Apple's Gains Are Sony's, Motorola's Losses
According to the latest data from research firm Gartner, Apple's 2010 smartphone gains translated to corresponding losses for smartphone makers Sony Ericsson and Motorola. On Wednesday, Gartner published it's findings, which noted that worldwide handset sales to end users rose 32% in 2010 to 1.6 billion units. In particular, however, smartphone sales spiked 72% from a year earlier (reaching 297 million units), a growth spurt largely cultivated by the ten-fold increase in sales for Android-based devices.

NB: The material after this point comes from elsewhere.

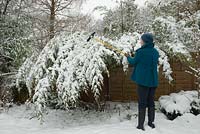 Enlever la couverture de neige alourdissant Phyllostachys niger (bambou noir)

But as the Wall Street Journal
observes this morning, "the wider availability of the iPhone 4" helped Apple secure a 16% share of the smartphone market in the fourth quarter, an expansive gain for the company that Gartner says comes at the expense of Sony Ericsson and Motorola. Both phone makers saw their market shares and unit sales fall for 2010. Apple, meanwhile, crept in to become the world's No. 5 device maker for 2010, selling better than 46 million iPhones. Placing ahead of Apple were Nokia, Samsung, LG Electronics, and RIM.
Gartner credits Apple's 87% year-over-year growth last year to Cupertino's aggressive expansion of the iPhone into new countries and territories. It's also important to note that Apple's market share climbed this dramatically in the absence of the device on Verizon in the US. Consequently, Apple's market share in the US and around the world is set to explode in the next ten months. For the time being, however, the iPhone is still available through nearly 200 communication service providers across the globe.